- TO DO
In the material below, the lines from the one containing "Moobaan Areeya at" through the one containing "2009款2.7L 两驱至尊版 空间座椅" are to be given again exactly, ends included, and no others.

- MATERIAL SUPPLIED

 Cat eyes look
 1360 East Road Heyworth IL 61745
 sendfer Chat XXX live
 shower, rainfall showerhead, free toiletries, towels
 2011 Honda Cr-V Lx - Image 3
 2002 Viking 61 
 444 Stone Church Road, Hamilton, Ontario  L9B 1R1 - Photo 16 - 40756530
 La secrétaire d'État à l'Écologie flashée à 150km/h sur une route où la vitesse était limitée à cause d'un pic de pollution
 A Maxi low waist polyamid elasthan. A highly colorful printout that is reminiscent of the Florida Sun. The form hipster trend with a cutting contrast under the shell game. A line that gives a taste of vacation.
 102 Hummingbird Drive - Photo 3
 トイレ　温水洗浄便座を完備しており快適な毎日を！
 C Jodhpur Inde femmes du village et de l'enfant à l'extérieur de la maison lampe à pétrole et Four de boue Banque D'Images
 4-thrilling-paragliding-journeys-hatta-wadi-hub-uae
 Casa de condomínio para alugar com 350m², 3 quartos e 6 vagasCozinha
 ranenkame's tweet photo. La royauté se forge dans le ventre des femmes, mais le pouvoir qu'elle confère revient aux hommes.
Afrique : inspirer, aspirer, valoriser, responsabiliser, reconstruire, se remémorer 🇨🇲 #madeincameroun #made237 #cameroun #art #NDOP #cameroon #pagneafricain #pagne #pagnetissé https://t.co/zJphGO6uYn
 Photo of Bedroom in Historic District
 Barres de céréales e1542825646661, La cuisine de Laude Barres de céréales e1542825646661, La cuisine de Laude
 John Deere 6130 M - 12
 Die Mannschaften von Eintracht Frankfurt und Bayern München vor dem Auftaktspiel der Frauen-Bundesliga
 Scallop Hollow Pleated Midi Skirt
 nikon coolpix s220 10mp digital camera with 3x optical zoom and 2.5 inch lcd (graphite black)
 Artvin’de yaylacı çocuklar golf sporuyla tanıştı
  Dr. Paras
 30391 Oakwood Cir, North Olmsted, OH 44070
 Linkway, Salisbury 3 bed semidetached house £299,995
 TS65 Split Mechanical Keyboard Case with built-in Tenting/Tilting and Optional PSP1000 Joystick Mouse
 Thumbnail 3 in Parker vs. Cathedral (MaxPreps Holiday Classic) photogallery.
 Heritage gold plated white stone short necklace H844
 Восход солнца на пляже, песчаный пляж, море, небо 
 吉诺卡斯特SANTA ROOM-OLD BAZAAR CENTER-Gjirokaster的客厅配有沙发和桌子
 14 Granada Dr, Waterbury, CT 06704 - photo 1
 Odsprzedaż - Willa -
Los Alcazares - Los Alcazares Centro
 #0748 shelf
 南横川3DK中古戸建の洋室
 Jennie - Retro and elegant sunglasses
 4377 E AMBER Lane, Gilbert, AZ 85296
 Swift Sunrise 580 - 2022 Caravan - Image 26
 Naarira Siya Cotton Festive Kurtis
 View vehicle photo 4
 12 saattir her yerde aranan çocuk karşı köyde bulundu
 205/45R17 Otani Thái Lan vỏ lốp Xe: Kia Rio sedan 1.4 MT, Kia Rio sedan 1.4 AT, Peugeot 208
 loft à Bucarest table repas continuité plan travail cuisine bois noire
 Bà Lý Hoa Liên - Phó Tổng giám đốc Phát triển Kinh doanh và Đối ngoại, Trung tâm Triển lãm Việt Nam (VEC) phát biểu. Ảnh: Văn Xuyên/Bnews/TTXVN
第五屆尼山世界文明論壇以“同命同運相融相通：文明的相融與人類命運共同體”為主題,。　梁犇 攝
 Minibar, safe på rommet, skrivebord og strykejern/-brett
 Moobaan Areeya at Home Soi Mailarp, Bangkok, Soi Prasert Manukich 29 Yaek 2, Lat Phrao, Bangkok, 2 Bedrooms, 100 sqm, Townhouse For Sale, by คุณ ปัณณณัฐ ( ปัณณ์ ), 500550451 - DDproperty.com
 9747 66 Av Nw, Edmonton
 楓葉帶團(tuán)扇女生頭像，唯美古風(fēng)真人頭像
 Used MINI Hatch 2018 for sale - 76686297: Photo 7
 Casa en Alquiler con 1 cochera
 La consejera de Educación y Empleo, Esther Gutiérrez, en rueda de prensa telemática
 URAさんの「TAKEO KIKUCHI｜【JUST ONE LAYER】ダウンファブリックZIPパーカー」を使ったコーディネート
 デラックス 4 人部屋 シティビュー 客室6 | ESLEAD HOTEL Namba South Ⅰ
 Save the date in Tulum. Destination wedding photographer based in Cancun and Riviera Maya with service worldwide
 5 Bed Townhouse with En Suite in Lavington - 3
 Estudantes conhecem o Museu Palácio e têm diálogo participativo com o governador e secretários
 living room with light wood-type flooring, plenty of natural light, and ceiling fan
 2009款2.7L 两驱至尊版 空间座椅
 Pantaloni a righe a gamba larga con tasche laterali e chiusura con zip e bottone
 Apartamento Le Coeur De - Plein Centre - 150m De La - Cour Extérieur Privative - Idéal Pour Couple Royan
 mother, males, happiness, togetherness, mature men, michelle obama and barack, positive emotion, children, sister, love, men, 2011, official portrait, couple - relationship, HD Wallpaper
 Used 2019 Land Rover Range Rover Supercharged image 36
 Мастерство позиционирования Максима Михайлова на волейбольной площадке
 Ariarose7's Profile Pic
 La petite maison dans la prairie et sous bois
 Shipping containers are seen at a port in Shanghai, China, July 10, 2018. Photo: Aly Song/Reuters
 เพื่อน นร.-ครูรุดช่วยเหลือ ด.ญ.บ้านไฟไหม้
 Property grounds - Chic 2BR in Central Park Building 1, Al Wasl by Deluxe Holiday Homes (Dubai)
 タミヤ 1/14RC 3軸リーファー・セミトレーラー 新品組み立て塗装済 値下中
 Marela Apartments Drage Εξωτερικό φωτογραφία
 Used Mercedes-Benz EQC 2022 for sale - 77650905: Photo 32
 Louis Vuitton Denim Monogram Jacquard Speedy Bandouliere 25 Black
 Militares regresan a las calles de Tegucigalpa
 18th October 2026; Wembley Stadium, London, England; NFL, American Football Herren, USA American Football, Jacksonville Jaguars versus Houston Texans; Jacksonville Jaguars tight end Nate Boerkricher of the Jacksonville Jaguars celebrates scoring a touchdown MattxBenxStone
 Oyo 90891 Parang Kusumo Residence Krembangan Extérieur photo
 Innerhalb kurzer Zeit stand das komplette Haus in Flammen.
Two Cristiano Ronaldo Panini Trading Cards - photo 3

- WRITTEN RESPONSE
 Moobaan Areeya at Home Soi Mailarp, Bangkok, Soi Prasert Manukich 29 Yaek 2, Lat Phrao, Bangkok, 2 Bedrooms, 100 sqm, Townhouse For Sale, by คุณ ปัณณณัฐ ( ปัณณ์ ), 500550451 - DDproperty.com
 9747 66 Av Nw, Edmonton
 楓葉帶團(tuán)扇女生頭像，唯美古風(fēng)真人頭像
 Used MINI Hatch 2018 for sale - 76686297: Photo 7
 Casa en Alquiler con 1 cochera
 La consejera de Educación y Empleo, Esther Gutiérrez, en rueda de prensa telemática
 URAさんの「TAKEO KIKUCHI｜【JUST ONE LAYER】ダウンファブリックZIPパーカー」を使ったコーディネート
 デラックス 4 人部屋 シティビュー 客室6 | ESLEAD HOTEL Namba South Ⅰ
 Save the date in Tulum. Destination wedding photographer based in Cancun and Riviera Maya with service worldwide
 5 Bed Townhouse with En Suite in Lavington - 3
 Estudantes conhecem o Museu Palácio e têm diálogo participativo com o governador e secretários
 living room with light wood-type flooring, plenty of natural light, and ceiling fan
 2009款2.7L 两驱至尊版 空间座椅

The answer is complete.